Facilitated Communication
Facilitated Communication (FC) is an augmentative communication method that uses a facilitator as a physical support to aide the child in communication through pointing, writing or typing. The facilitator helps the child to isolate the index finger and to stabilize the hand, wrist, forearm or arm during typing. The facilitator also helps the child maintain focus on the process by encouraging the child to remain on task and redirecting the child back to task.

Monday, June 9, 2008

Parsimony

One of the four assumptions of science is that it is parsimonious. Therapeutic plans should also be parsimonious.
The purpose of the information found throughout this site is to help you keep not only the measurable behavioral objective but the entire plan as simple, clear, concise and parsimonious as possible.
In other words and as much as possible, Keep it Simple!

Monday, June 2, 2008

Shaping Compliance

Therapist often turn in plans that focus on getting a person to be compliant. I must confess that this idea is also not mine but makes perfect sense. Instead of working so hard to get someone to do something that s/he does not want to do, try getting them to do something that they do want to do. After a while, start throwing in something here and there that they may not be as motivated to do, always going back to including things that they do want to do. Over time you can include requests that are increasingly objectionable or difficult, continuing to include reinforcement. Before long they may be much more compliant in all appropriate areas.


Remember:
Almost no one is compliant 100% of the time, (and we worry a little about those who are). [For example, if you are working with a kid with special needs in a classroom and it is almost the end of the day or perhaps even the end of the school year and the rest of the class is off task, why in the world would you be trying to make the kid with special needs stay on task?]
&
If you are trying to get a kid to do something, make sure that it is within his or her capabilities. [Sometimes we even see plans trying to get a kid to do something that a typical kid of the same age would be unlikely to do, especially on their own and without help.]
&
Make sure you ask a child/kid to do easy and or preferred activities at least some of the time and on a regular basis. Even as adults, most of us don’t want to do something hard or unpleasant all the time. It’s good to learn and to stretch but not all the time. [You don’t ever want to be seen by the child as that person who only wants me to do things that are either extremely difficult or unpleasant all the time.]

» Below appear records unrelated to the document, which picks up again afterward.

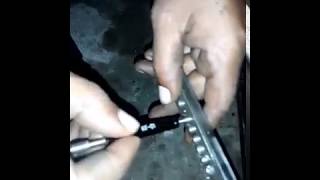 Pitch Control Tapping Machine from Jinshaa Machine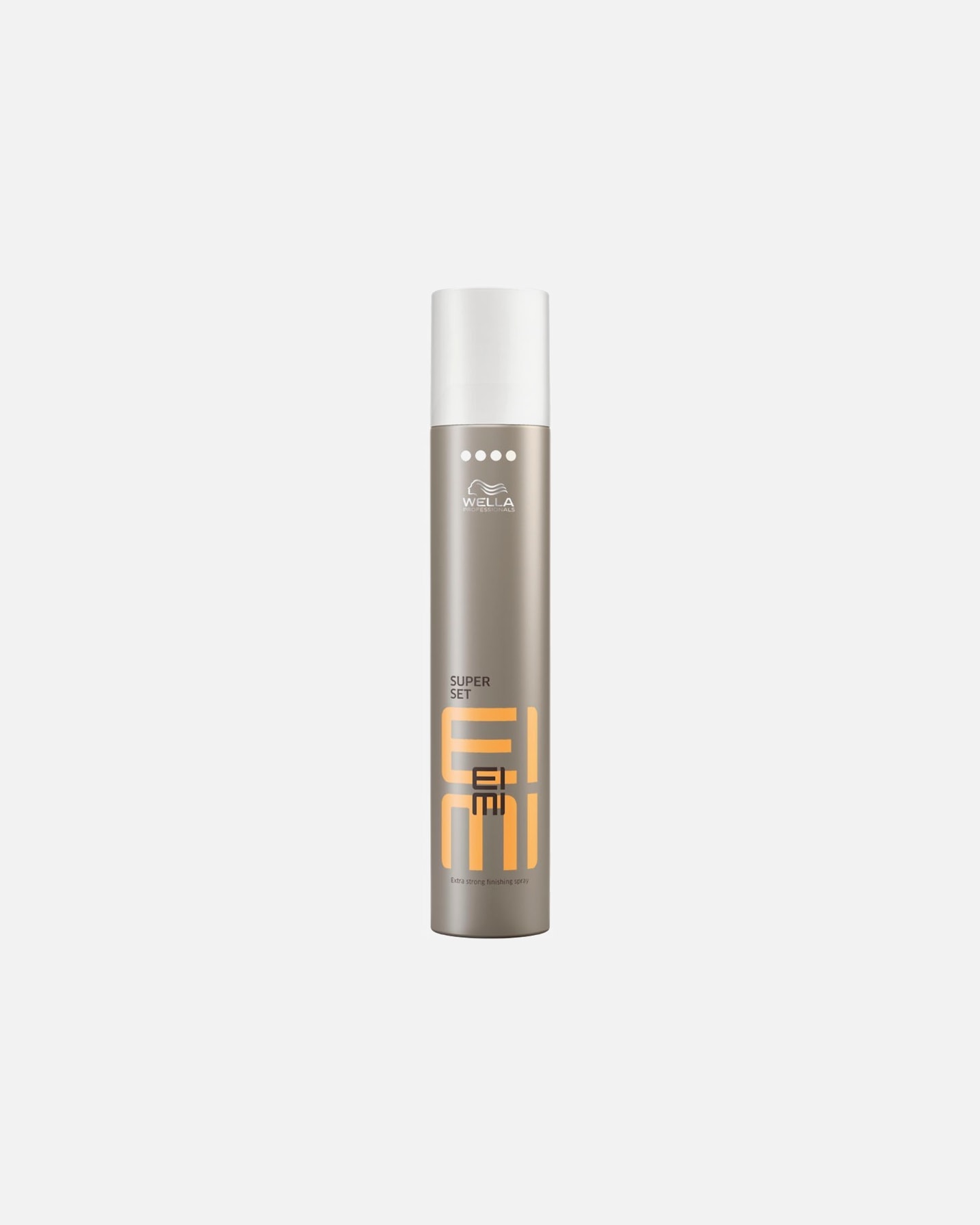Laca capilar para Unisex Wella Professionals EIMI Fixing Super Set Finishing Spray ultra strong 500 ml
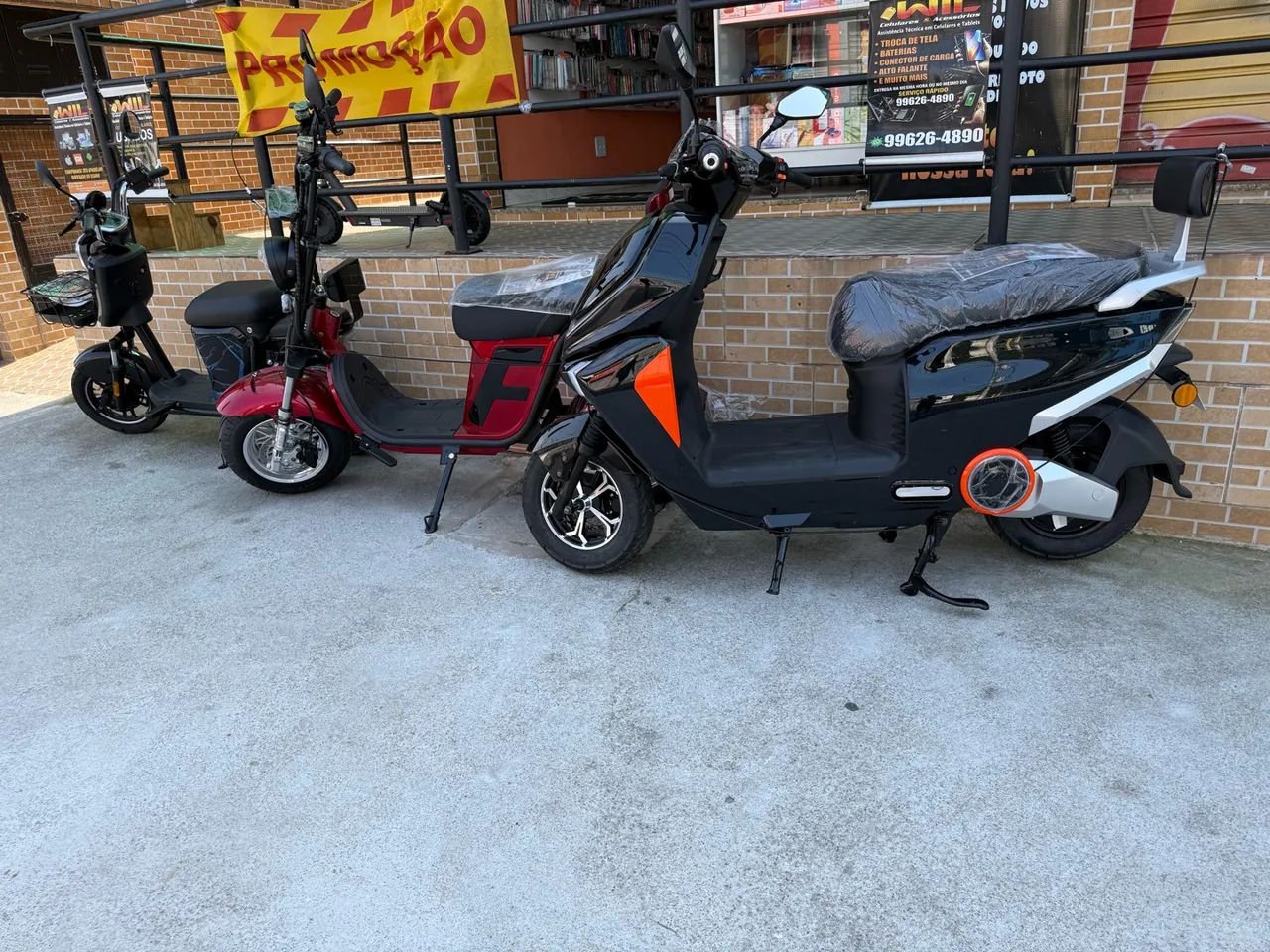 Moto elétrica e patinete! - Foto 3
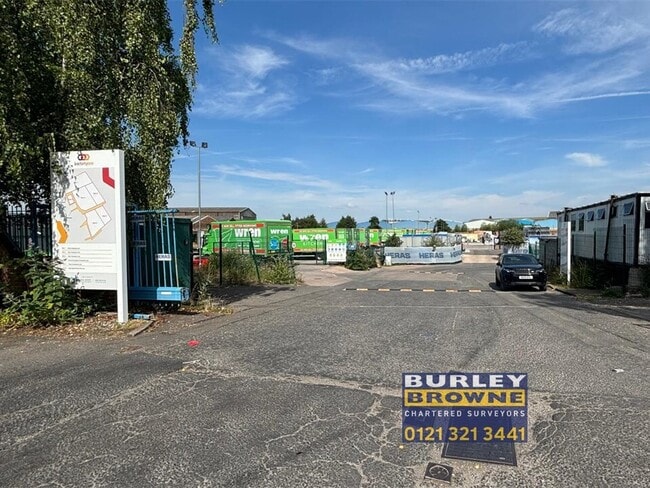 More details for Whitehall Rd, Tipton - Land for Lease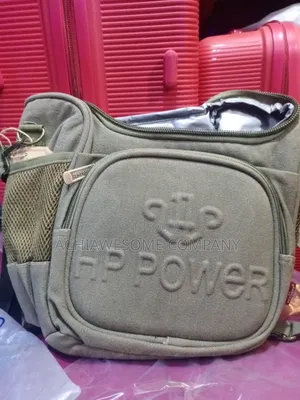Jean Lunch Bag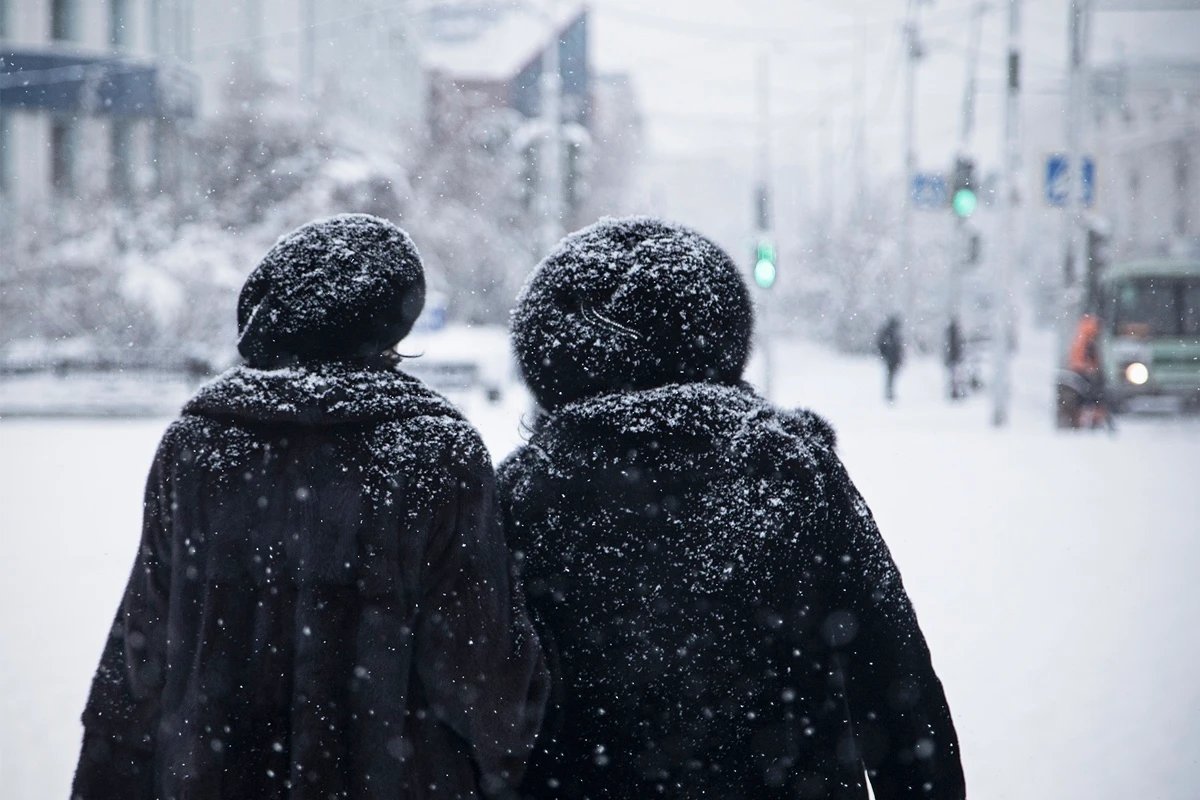 Como o corpo humano se adapta a temperaturas extremamente baixas?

Click here to continue with this information: Parsimony

The DEAD MAN (or WOMAN) test

Recently I attended a training/meeting where the DEAD Man test was mentioned. It’s the same concept as I have written about previously under the heading, “nature abhors a vacuum.” The concept here, though the same as previously discussed, is presented in a very different way and may strike a chord of understanding for some.
This is the idea. If your objective is to begin or increase a behavior that a “dead man or woman” could do, then you probably have a poor or even dead objective.
For example: Any time that your objective is that someone NOT do something, then that is something a dead man could do and is almost always a very poor objective.
There are some exceptions to this rule. There may be a time that you need someone to sit quietly for a brief period. Well a dead man could do that but it still may be appropriate.